Does the inability to sit in the bar or see a TV amount to discrimination against those with disabilities? It depends on how you look at the business of the restaurant. If the restaurant is only selling food and drink then a person with a mobility disability gets the same thing everyone else does – food and drink.  But if the restaurant is the experience of drinking and watching a hockey game the disabled person is out of luck.

It’s pretty clear that the chance to drink and watch sports on TV is an important part of what this particular restaurant sells. The bar area takes up more than a third of the restaurant, and when we visited there were more patrons at the bar than seated at tables. It’s a safe bet the owner wouldn’t have spent the money to install the TVs if he didn’t think they were a draw. The atmosphere of the bar was different from the atmosphere of the restaurant as well. It was louder and there was a higher level of conviviality. In the Jonie Mitchell song the man drinking alone is accosted by a “woman in lacey sleeves.” I could imagine it happening in the bar of this restaurant, but not in the restaurant seating area.

The ADA Guidelines do address the idea that not all tables are equal by requiring that accessible seating be distributed “throughout the space” of a restaurant or bar, but spreading the accessible seating around may not solve the problem.

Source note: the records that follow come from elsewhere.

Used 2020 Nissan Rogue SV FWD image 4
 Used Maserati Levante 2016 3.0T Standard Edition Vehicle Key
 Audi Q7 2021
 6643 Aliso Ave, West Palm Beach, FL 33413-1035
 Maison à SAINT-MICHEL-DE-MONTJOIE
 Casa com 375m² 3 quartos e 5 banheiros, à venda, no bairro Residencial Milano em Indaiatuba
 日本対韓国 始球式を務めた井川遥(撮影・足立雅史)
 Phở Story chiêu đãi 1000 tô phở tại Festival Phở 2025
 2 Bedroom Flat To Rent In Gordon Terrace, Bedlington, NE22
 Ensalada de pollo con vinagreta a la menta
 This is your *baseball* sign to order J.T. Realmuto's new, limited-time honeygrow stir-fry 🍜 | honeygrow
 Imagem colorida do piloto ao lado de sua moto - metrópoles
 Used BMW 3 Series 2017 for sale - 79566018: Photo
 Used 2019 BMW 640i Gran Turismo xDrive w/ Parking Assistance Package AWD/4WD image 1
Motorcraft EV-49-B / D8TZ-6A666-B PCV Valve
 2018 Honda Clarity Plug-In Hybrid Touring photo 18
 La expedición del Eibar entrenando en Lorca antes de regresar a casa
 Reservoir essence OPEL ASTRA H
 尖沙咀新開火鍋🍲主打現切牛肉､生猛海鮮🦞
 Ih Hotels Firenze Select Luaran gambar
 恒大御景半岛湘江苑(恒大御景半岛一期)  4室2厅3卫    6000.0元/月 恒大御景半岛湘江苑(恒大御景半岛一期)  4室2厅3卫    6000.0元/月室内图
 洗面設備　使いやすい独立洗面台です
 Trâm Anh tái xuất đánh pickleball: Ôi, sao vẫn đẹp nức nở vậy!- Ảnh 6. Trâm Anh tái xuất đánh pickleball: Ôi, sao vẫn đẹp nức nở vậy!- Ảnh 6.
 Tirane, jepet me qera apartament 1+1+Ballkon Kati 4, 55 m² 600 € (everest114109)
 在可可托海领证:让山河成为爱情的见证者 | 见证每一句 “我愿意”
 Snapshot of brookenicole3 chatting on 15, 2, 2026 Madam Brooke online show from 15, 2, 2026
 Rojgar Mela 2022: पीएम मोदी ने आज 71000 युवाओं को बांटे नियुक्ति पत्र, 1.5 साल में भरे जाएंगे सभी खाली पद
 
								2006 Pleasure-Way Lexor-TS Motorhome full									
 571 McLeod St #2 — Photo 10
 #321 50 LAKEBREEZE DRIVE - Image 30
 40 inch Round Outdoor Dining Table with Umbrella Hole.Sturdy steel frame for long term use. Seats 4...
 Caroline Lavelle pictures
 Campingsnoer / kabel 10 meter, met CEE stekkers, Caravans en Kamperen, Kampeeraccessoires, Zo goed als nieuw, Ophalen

If there are accessible tables in the bar but they didn’t allow a patron to watch TV the wheelchair bound patron still can’t have the same experience as those who can sit or stand anywhere.

When trying to make sure a facility does not discriminate against disabled patrons an owner has to go beyond the purely technical requirements in the Standards and Guidelines and look at whether a disabled person is able to enjoy the experience that is for sale, or at least as much of that as the disability permits.  That isn’t a new legal principle, but the Chipotle case I discussed in Burrito Tale is a good reminder of it. Chipotle got in trouble with a serving line too high for a person in a wheel chair because it wasn’t just selling burritos; it was selling the “Chipotle experience” of watching the burrito be prepared. Owners of any facility subject to the ADA should ask themselves what experience they want their patrons to have, and then whether those with disabilities can share that experience. If not, there may be an ADA violation.